We're Americans, and I'm sure we can build all the renewable-energy infrastructure we need and still do it in an environmentally responsible manner. And, yes, with union labor, why not? I doubt that the collusion described by Kevin Korenthal actually happens; it should be illegal if it does, but it sounds more like a rightwinger's fever dream. After all nothing wakes Republicans at 3AM in a cold sweat like the possibility of labor and environmentalists joining forces for the good of the nation.
I suppose I shouldn't have called the Fund piece balanced when you could come away from it without realizing that Debbie does want to streamline the "sluggish" approval process, just not at the expense of the environment. Similar to her offshore drilling position. From the original DP story: "This is just another extreme position by Dana Rohrabacher. What we need to do is come up with a balanced approach that streamlines these projects, because they're critically important to our energy future, but at the same time recognizes the impacts to the environment," Cook said.
Just wanted to be sure that was clear. Carry on.
Rohrabacher's beef is with Bush
Cook is an expert in the field and she has no doubt forgotten more than Rohrabacher will ever even try to know about energy
There he goes again; why is Dana Rohrabacher so disingenuous?
Does anyone really buy his Trojan horse scheme? He would probably put condos on Mount Rushmore if he was given half a chance. He has been in D.C. far too long and has never met a developer or lobbyist he does not like.
Even Green projects should and must pass sensible screening and common sense scrutiny.
This is why I will vote for the modern, mainstream leadership that Debbie Cook represents. We need a visionary representative that will protect our economy as well as the environment and ensure the future health and safety of our families.
Dana Rohrabacher is just more of the same old out of touch insider politics that is destroying our hopes and dreams and compromising this nation’s greatness and everything we have all worked so hard to accomplish.
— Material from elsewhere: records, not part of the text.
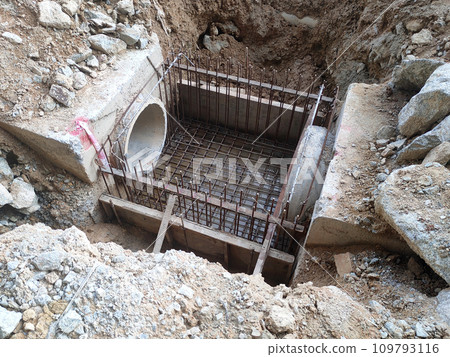 Melaka, Malaysia -February 2, 2022: Utility manhole under construction at a construction site. Built on site according to the engineer's design. Using plywood and timber as a construction mold Melaka, Malaysia -February 2, 2022: Utility manhole under construction at a construction site. Built on site according to the engineer's design. Using plywood and timber as a construction mold 109793116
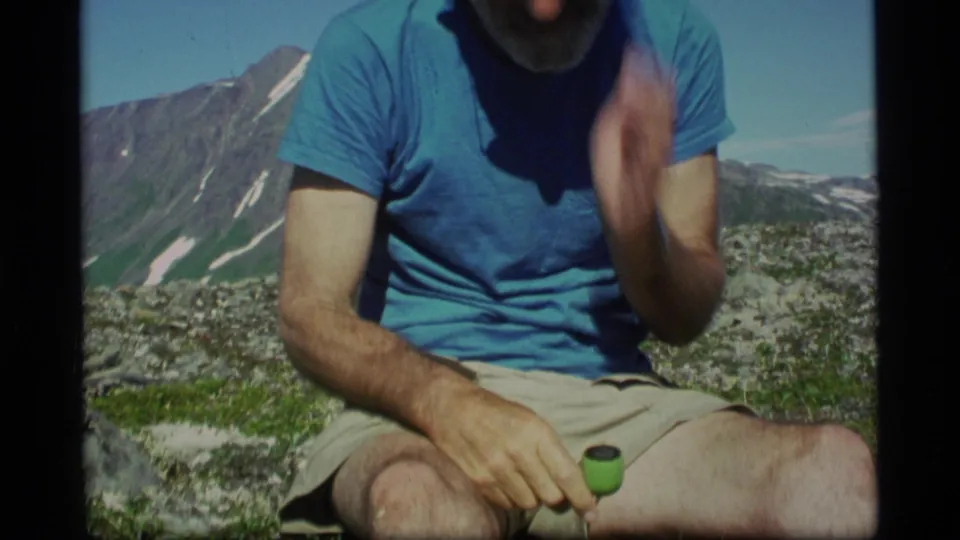 Adult man in a blue T-shirt and khaki shorts sits on an Alaska mountain slope in supplied 1977 home-movie footage.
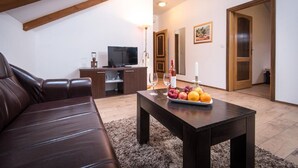 Un salon avec un canapé en cuir marron, une table basse en bois foncé sur laquelle sont disposés des fruits et des verres à vin, un téléviseur posé sur un meuble en bois, et une poutre en bois au plafond.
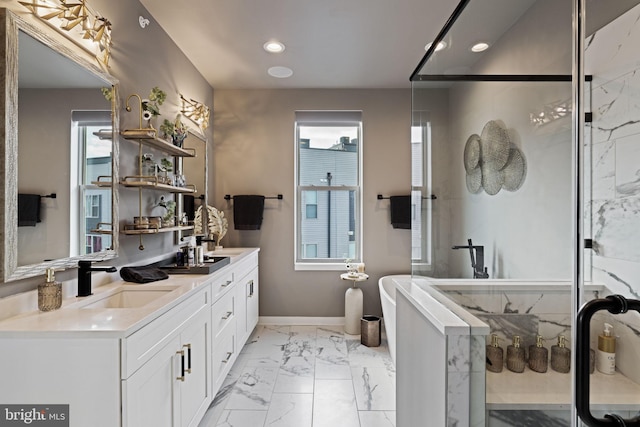 bathroom with vanity and independent shower and bath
So, “Rohrabacher thinks he has a partial solution to America’s dependence on high-priced foreign oil?” Interesting! “He thinks” means he’s not sure. “Partial” means what, half, or less than half? A partial solution means he is trying to advance his own agenda with a lack of substance predicated on lies. He’s incapable of coming up with a full solution to anything; he doesn’t think that far ahead on critical issues. This is just another example of Rohrabacher and his feeble minded supporters offering up lies to pad his paltry re-election campaign with some last minute hype. Debbie Cook supports solar power (energy), e.g., streamlining projects that are important and critical to the future of our energy, yet realizing the significant impacts to the environment. She has a long history of environmental activism; not an overnight claim. She is committed to protecting and improving the environment the right way, i.e., presenting a balanced solution to the problem, of which she is exceptionally capable of doing for the betterment of all. If Rohrabacher doesn’t have a full solution to the problem, he should not be placing blame.